Benchmark Highlights and CPU Configuration
The leaked Geekbench 6 scores list the Exynos 2600 at 3,309 (single-core) and 11,256 (multi-core). For comparison, a Galaxy S26 Edge with a Snapdragon 8 Elite Gen 5 logged 3,393 and 11,515 on the same test — a gap of roughly 2.5 percent. The leak also reveals a 10-core CPU cluster for the Exynos 2600, with the highest-performance core operating at around 3.80GHz. Notably, the Snapdragon result appears to come from a device running its performance cores at 4.00GHz instead of the chip’s peak 4.74GHz, meaning the Qualcomm silicon in that test was effectively underclocked.
What the Numbers Mean
Those Geekbench scores place the Exynos 2600 well ahead of older competitors like the Dimensity 9500 and — more importantly — bring Samsung much closer to Qualcomm’s top-tier performance. Given the Snapdragon test wasn’t at full clock speed, there’s reason to believe the margin could widen either way depending on tuning and thermal management in retail devices.

Features and Architectural Advantages
The Exynos 2600 benefits from Samsung’s 2nm GAA process, which targets better transistor density and power efficiency. The company has also emphasized a significantly improved Neural Processing Unit (NPU) for on-device AI workloads. These upgrades are designed to deliver gains in sustained performance, machine learning inference, camera processing, and energy efficiency — all critical for flagship smartphones like the upcoming Galaxy S26 series.
Comparisons, Advantages and Use Cases
Compared to previous Exynos generations, the 2600 shows a large leap: the leak cites a roughly 53.5% improvement against earlier Exynos results in combined single- and multi-core metrics. Advantages include:
- Stronger single-thread and multi-thread CPU performance suitable for gaming and demanding apps.
- Improved on-device AI performance via a beefed-up NPU for image processing, voice assistants, and AR/ML tasks.
- Potential power-efficiency gains from 2nm GAA that can translate to longer battery life under real-world loads.
Practical use cases where these improvements matter include high-frame-rate mobile gaming, real-time video processing, enhanced computational photography, and local AI inference without cloud latency.

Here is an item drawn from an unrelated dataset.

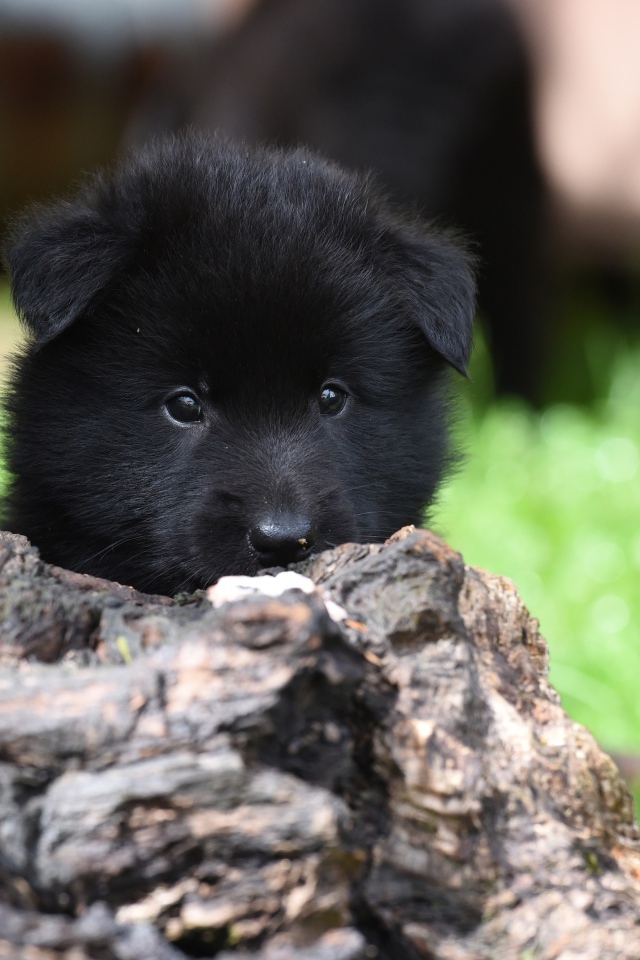 Маленький черный щенок бельгийской овчарки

Market Relevance and What Comes Next
If validated in retail devices, the Exynos 2600 could shift Samsung’s competitive position versus Qualcomm and MediaTek. Performance parity or near-parity with the Snapdragon 8 Elite Gen 5—especially when paired with better power management—would strengthen Samsung’s ability to use its own silicon across more Galaxy models and reduce reliance on rivals. However, final verdicts should wait for additional benchmarks that include thermal throttling, sustained workloads, and full-power Snapdragon comparisons.
Bottom Line
The Exynos 2600’s early leak is a promising sign that Samsung’s 2nm GAA strategy is paying off. While the chipset nearly matches an underclocked Snapdragon 8 Elite Gen 5 in Geekbench 6, real-world performance, battery life, and thermal behavior in shipping Galaxy S26 phones will determine whether the Exynos 2600 is truly back in flagship contention.